Alexander Zverev, world no.5, is excited to play in this year’s Olympics but importantly outlined he’s there to compete for medals – not just soaking up the atmosphere and experience that comes as Germany’s biggest hope in the sport.
Zverev eyeing Tokyo success across multiple disciplines
Zverev, a winner of 15 ATP singles titles, believes that no sporting event compares to the Olympics. All things considered, it’s hard to argue against that view.
However, whether rightly or wrongly, his upward trajectory has tailed off in recent seasons. He still hasn’t beaten a top-10 player at a Grand Slam, many have criticised him for underwhelming displays – particularly at the last two Majors – and he’s experienced enough to have performed better.
As such, it’s not particularly surprising Zverev wants to compete across three disciplines in Tokyo: singles, doubles with Jan-Lennard Struff as well as mixed doubles – Angelique Kerber was his expected partner but withdrew last week, citing the need for rest. He’ll know by Tuesday, when that draw is held.
Zverev, seeded fourth, was drawn in the top half of the men’s singles: world number one and 20-time Grand Slam champion Novak Djokovic could await him in the semi-finals next week.
“I’m very looking forward to it. Obviously with COVID it is going to be different, but I’m playing all three disciplines and excited to compete [both] for Germany and also medals.

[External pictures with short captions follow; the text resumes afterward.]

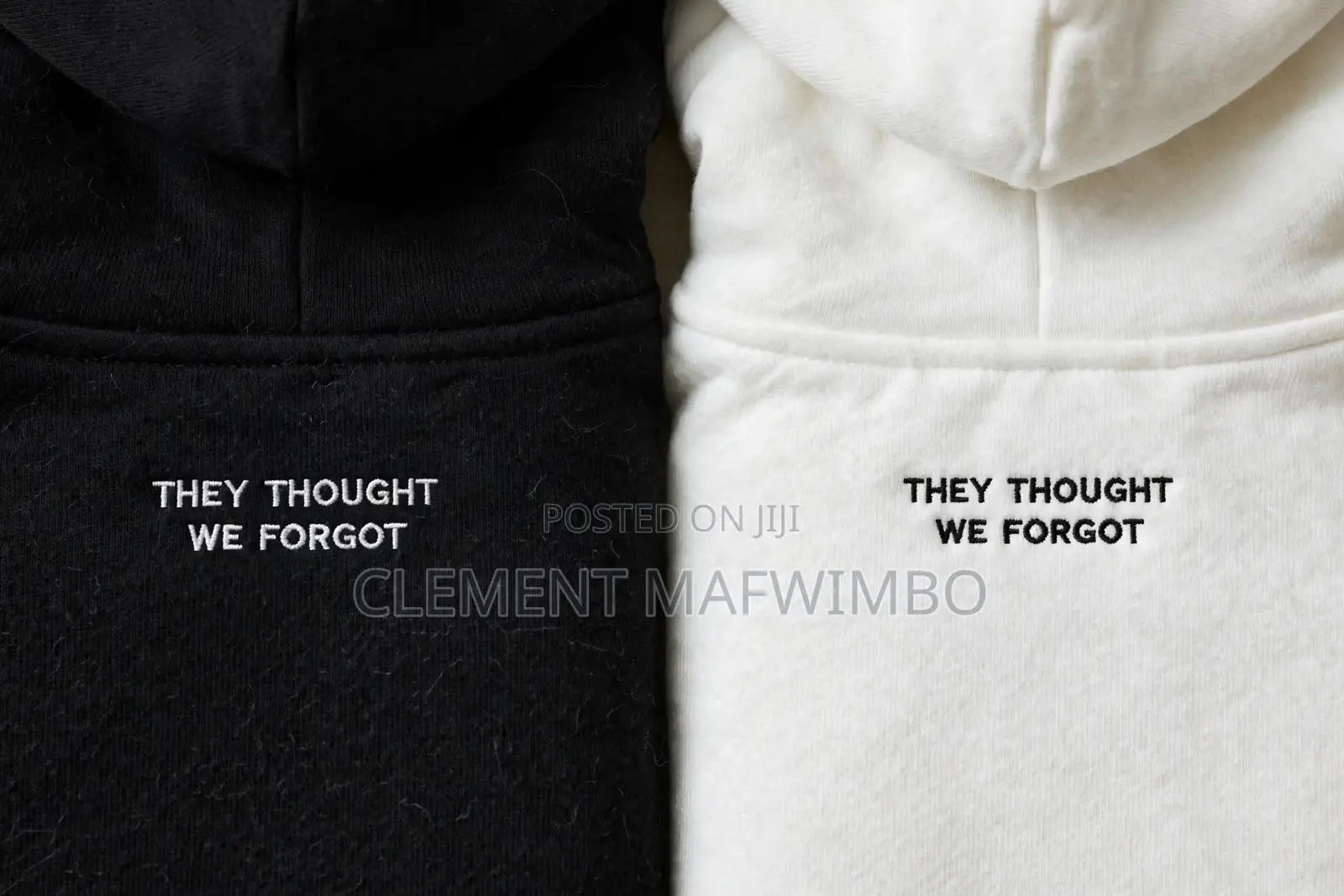 They Thought We Forgot (Ttwf)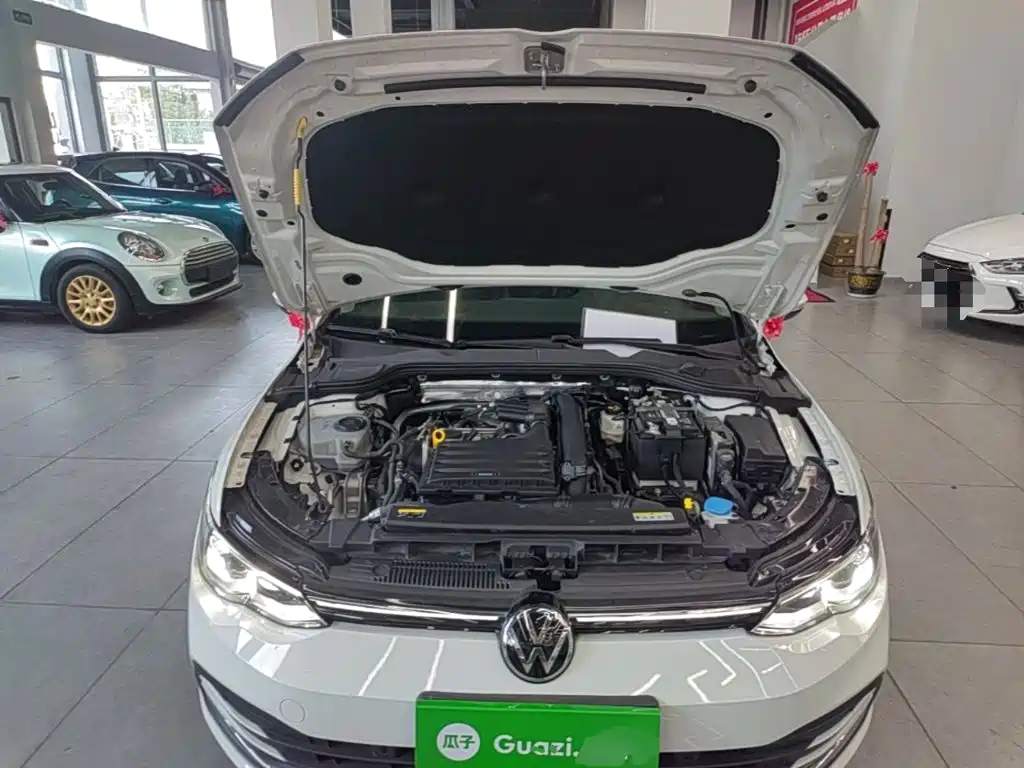 Volkswagen Golf — миниатюра 20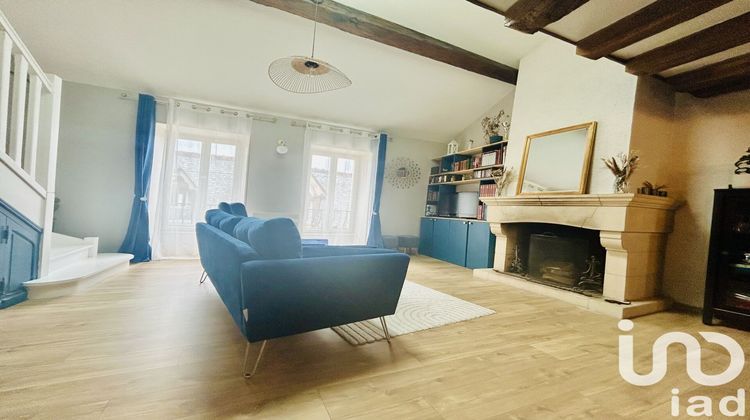 Ma-Cabane - Vente Appartement Blois, 81 m²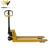 Import 5000kg Hydraulic Manual Hand Pallet Truck With Plastic Coating Handle from China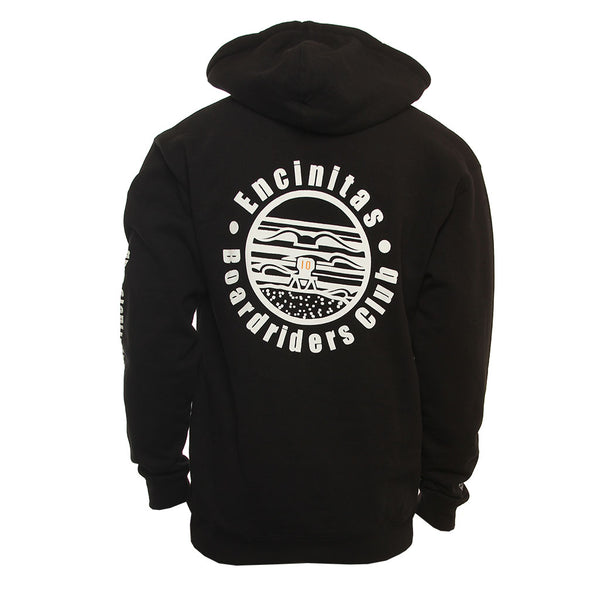Oneill x Hansens Mens Sweatshirt Encinitas Boardriders Club Hooded Pullover
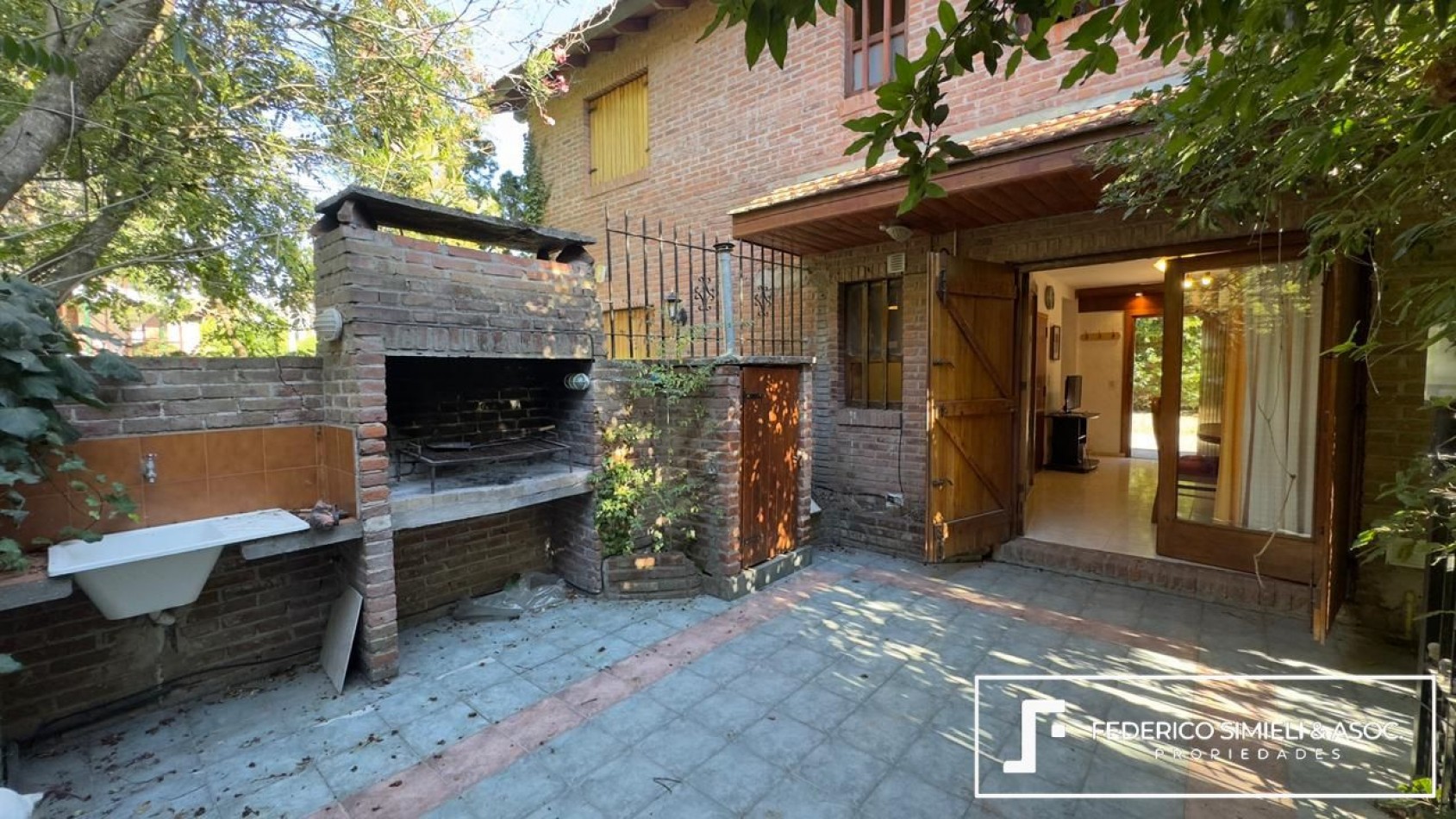 Duplex en venta Pinamar.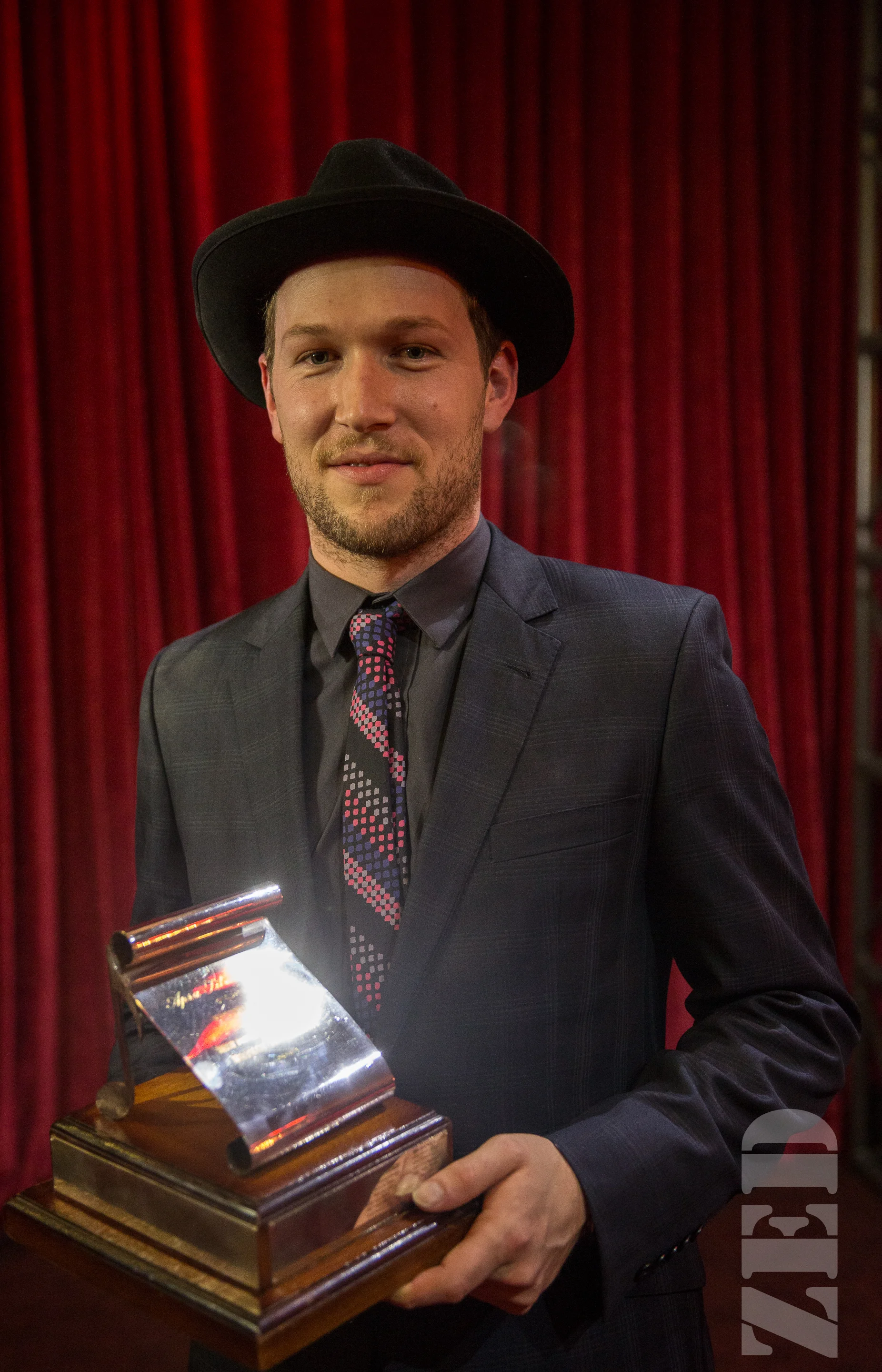 Winners from the 2016 Silver Scroll Awards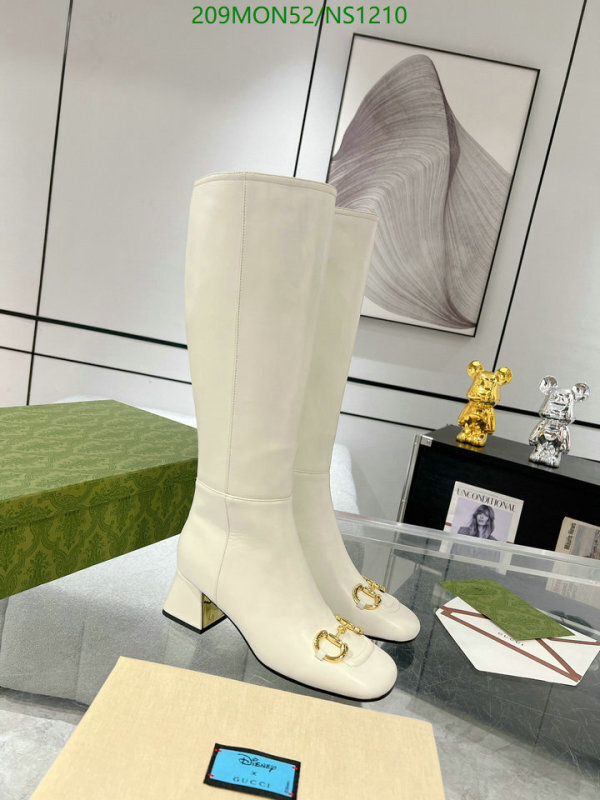 Boots-Women Shoes Code: NS1210 $: 209USD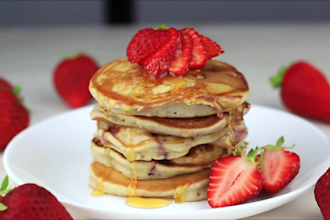 create a food video recipe like tasty buzzfeed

That doesn’t mean I’ll win but I already see myself as one of the favourites. The atmosphere will be very special, to experience the Olympic Village once is of course madness.
I love Germany, always very much like to play for my country. It’s even more emotional when you know that everyone is cheering at home.”
In a subsection featuring Italy’s Lorenzo Sonego (13th seed), Aslan Karatsev (#11) as well as the winner of an enticing first-round matchup between Marton Fucsovics and Wimbledon semifinalist Hubert Hurkacz, Zverev appears to have a comfortable passage into round three.
That’s where things should start getting tricky rather quickly for him but on the prospect of facing Djokovic, he was understandably bullish despite a negative recent H2H record:
“You have to be able to do things that not many other players can do: run with him, be able to overpower him. I see myself as someone who always has a chance against him. If you play like him, you will lose – you must play classes better.
I think the best players always have such pressure. It’s always very positive to feel something like this – then you know you’re one of the best.”
The pair have met on nine occasions, with Djokovic winning seven times – including the last five. However, both of Zverev’s wins came in a best-of-three set format (Rome, 2017 and ATP Finals 2018).